## DATA
*-*-*
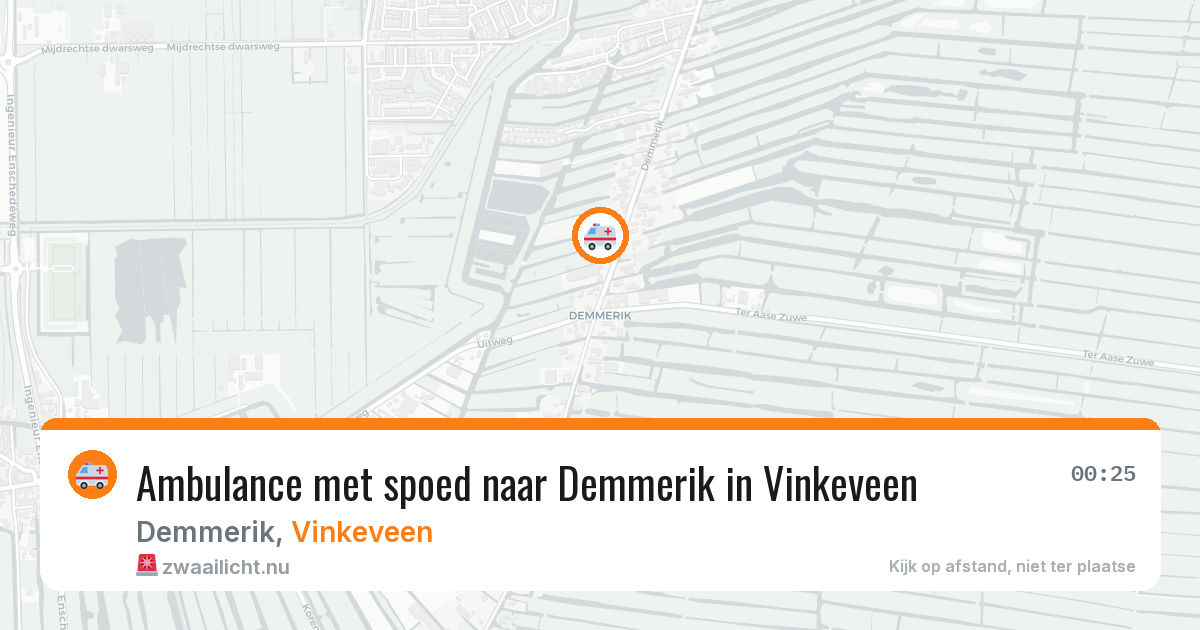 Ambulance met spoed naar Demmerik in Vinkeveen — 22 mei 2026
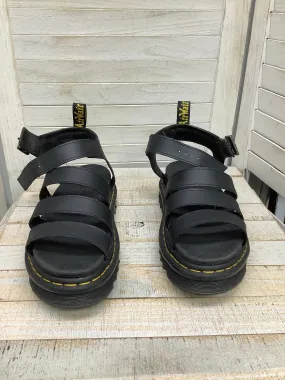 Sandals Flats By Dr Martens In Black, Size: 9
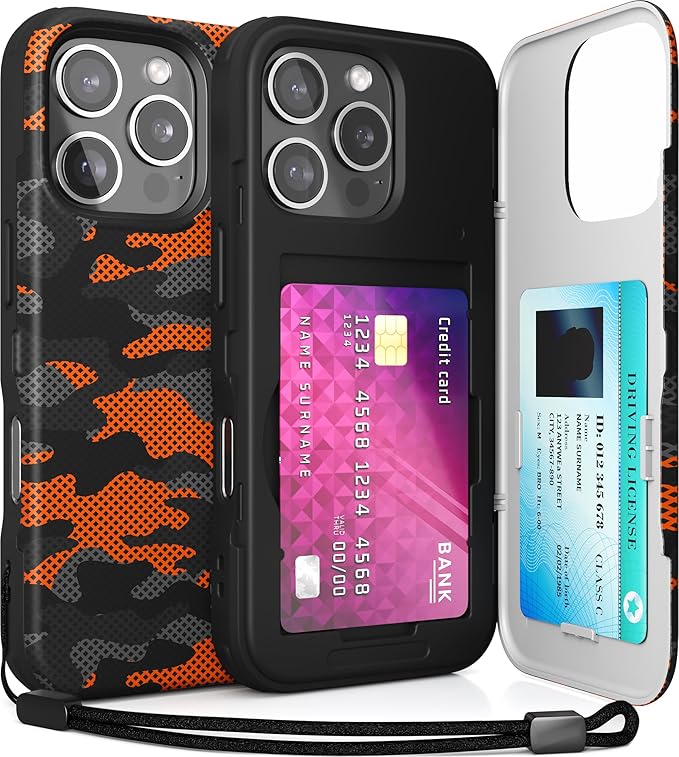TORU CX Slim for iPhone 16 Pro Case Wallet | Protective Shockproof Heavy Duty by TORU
*-*-*
## WORK INSTRUCTIONS
Leaving aside every picture, transcribe exactly the lines that run from the one with "Sandals Flats By" to the close of the listing above.

## YOUR RESPONSE
 Sandals Flats By Dr Martens In Black, Size: 9
TORU CX Slim for iPhone 16 Pro Case Wallet | Protective Shockproof Heavy Duty by TORU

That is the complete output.